Partnerships / Acquisitions

India OKs Facebook Subsidiary’s Acquisition Of Jio Platforms Share

India OKs Facebook Subsidiary's Acquisition Of Jio Platforms Share

The Competition Commission of India (CCI) has given the green light to the acquisition of a roughly 9.99 percent share of Jio Platforms by a newly formed subsidiary of Facebook called Jaadhu Holdings LLC. CCI said Jaadhu is a wholly-owned Facebook subsidiary, which was started in March of this year under Delaware state laws, according to a press release.

Jio Platforms owns and runs digital applications as well as possesses controlling investments in some entities. It also has all of Reliance Jio Infocomm Limited’s (RJIL) outstanding and issued share capital. RJIL is a licensed operator of communications systems, which services customers throughout India.

In April, news surfaced that Facebook closed a deal for a minority share in Reliance Jio, which would provide the social media platform with a bigger presence in India.
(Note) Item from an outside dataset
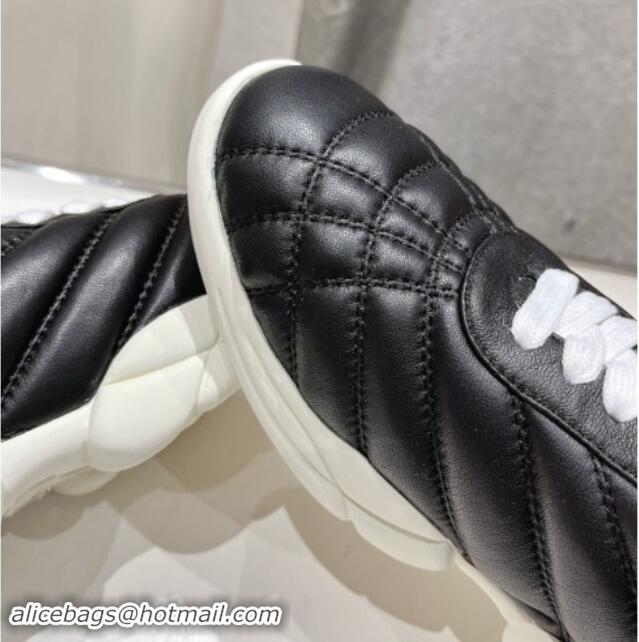 Unique Style Miu Miu Quilted Leather Sneakers Black 813070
“This investment underscores our commitment to India and our excitement for the dramatic transformation that Jio has spurred in the country,” Facebook Vice President and Managing Director for India Ajit Mohan and Chief Revenue Officer David Fischer said in a Facebook blog post at the time.

But earlier in June, news surfaced that the CCI was probing Facebook’s acquisition of the stake in the digital assets of digital assets. Ashok Kumar Gupta, the chairman of the commission, said per reports that the panel’s function is to stop the misuse of information from occurring in all of the arrangements that it evaluates.

The job of the CCI is to uphold the Competition Act of India that forbids agreements that go against competition and corporations’ abuse of a leading standing as well as regulate mergers and acquisitions in addition to any kind of activity that could stymie competition in the country.

Gupta had said to the newswire that regulators were also mulling if new standards should be a part of its evaluation as some M&As fall outside of the minimums for scrutiny even is possible harm is evident.